This patch is a follow up on the discussions made in patch
"hw/ppc: disable hotplug before CAS is completed" that can be
found at [1].

At this moment, we do not support CPU/memory hotplug in early
boot stages, before CAS. When a hotplug occurs, the event is logged
in an internal RTAS event log queue and an IRQ pulse is fired. In
regular conditions, the guest handles the interrupt by executing
check_exception, fetching the generated hotplug event and enabling
the device for use.

In early boot, this IRQ isn't caught (SLOF does not handle hotplug
events), leaving the event in the rtas event log queue. If the guest
executes check_exception due to another hotplug event, the re-assertion
of the IRQ ends up de-queuing the first hotplug event as well. In short,
a device hotplugged before CAS is considered coldplugged by SLOF.
This leads to device misbehavior and, in some cases, guest kernel
Ooops when trying to unplug the device.

A proper fix would be to turn every device hotplugged before CAS
as a colplugged device. This is not trivial to do with the current
code base though - the FDT is written in the guest memory at
ppc_spapr_reset and can't be retrieved without adding extra state
(fdt_size for example) that will need to managed and migrated. Adding
the hotplugged DT in the middle of CAS negotiation via the updated DT
tree works with CPU devs, but panics the guest kernel at boot. Additional
analysis would be necessary for LMBs and PCI devices. There are
questions to be made in QEMU/SLOF/kernel level about how we can make
this change in a sustainable way.

Until we go all the way with the proper fix, this patch works around
the situation by issuing a CAS reset if a hotplugged device is detected
during CAS:

- the DRC conditions that warrant a CAS reset is the same as those that
triggers a DRC migration - the DRC must have a device attached and
the DRC state is not equal to its ready_state. With that in mind, this
patch makes use of 'spapr_drc_needed' to determine if a CAS reset
is needed.

- In the middle of CAS negotiations, the function
'spapr_hotplugged_dev_before_cas' goes through all the DRCs to see
if there are any DRC that requires a reset, using spapr_drc_needed. If
that happens, returns '1' in 'spapr_h_cas_compose_response' which will set
spapr->cas_reboot to true, causing the machine to reboot.

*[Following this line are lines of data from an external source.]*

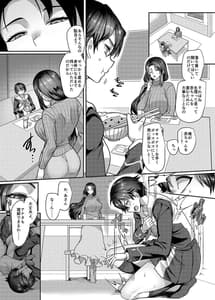 Page 15: 014.jpg | 光聖装甲アキラ | View Page!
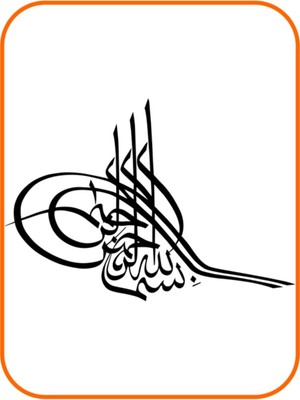 Osmanlı Tuğrası Besmele Yazılı Oto Sticker 30X20 cm Siyah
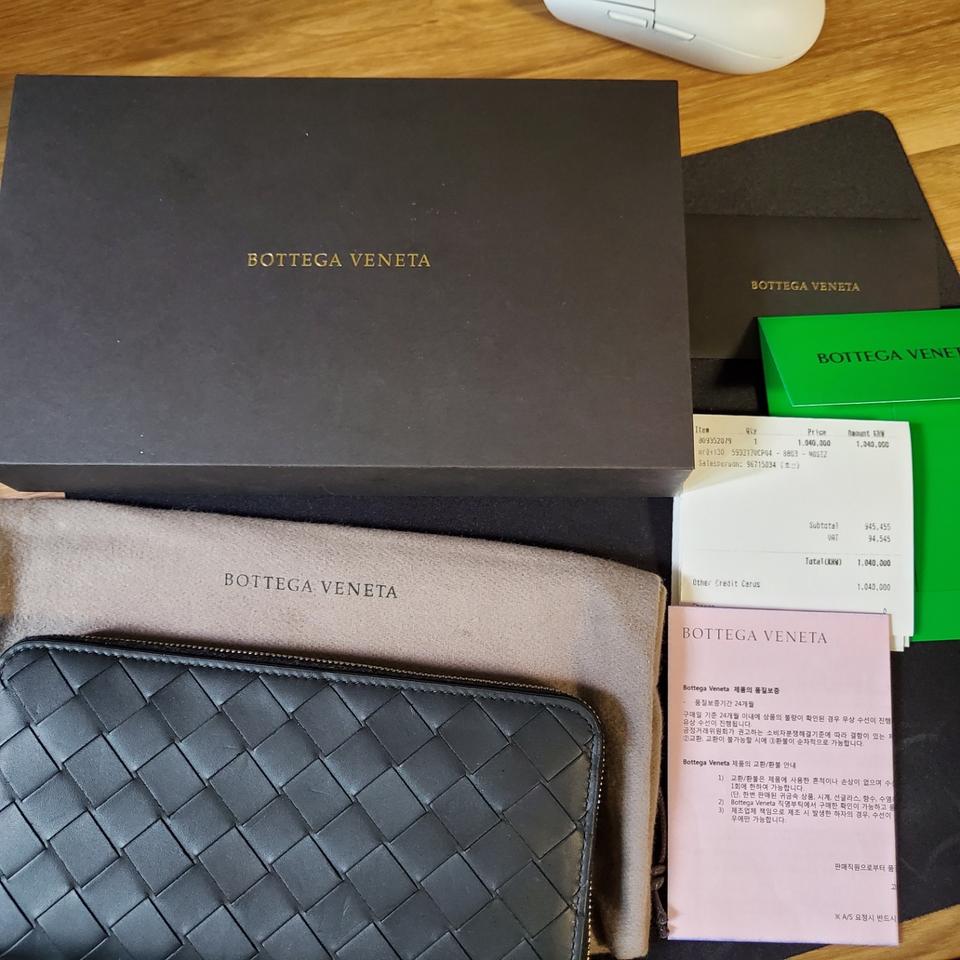 보테가 베네타 장지갑 지퍼 (색상 블랙)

- a small fix was made in 'spapr_drc_needed' to change how we detect
a DRC device. Using dr_entity_sense worked for physical DRCs but,
for logical DRCs, it didn't cover the case where a logical DRC has
a drc->dev but the state is LOGICAL_UNUSABLE (e.g. a hotplugged CPU before
CAS). In this case, the dr_entity_sense of this DRC returns UNUSABLE and
spapr_drc_needed was return 'false' for a scenario what we would like
to migrate the DRC (or issue a CAS reset). Changing it to check for
drc->dev instead works for all DRC types.

- a new function called 'spapr_clear_pending_events' was created
and is being called inside ppc_spapr_reset. This function clears
the pending_events QTAILQ that holds the RTAS event logs. This prevents
old/deprecated events from persisting after a reset.

No changes are made for coldplug devices.

[1] http://lists.nongnu.org/archive/html/qemu-devel/2017-08/msg02855.html

Signed-off-by: Daniel Henrique Barboza <danielhb@linux.vnet.ibm.com>
---
 hw/ppc/spapr.c             | 34 ++++++++++++++++++++++++++++++++++
 hw/ppc/spapr_drc.c         |  5 ++---
 include/hw/ppc/spapr_drc.h |  1 +
 3 files changed, 37 insertions(+), 3 deletions(-)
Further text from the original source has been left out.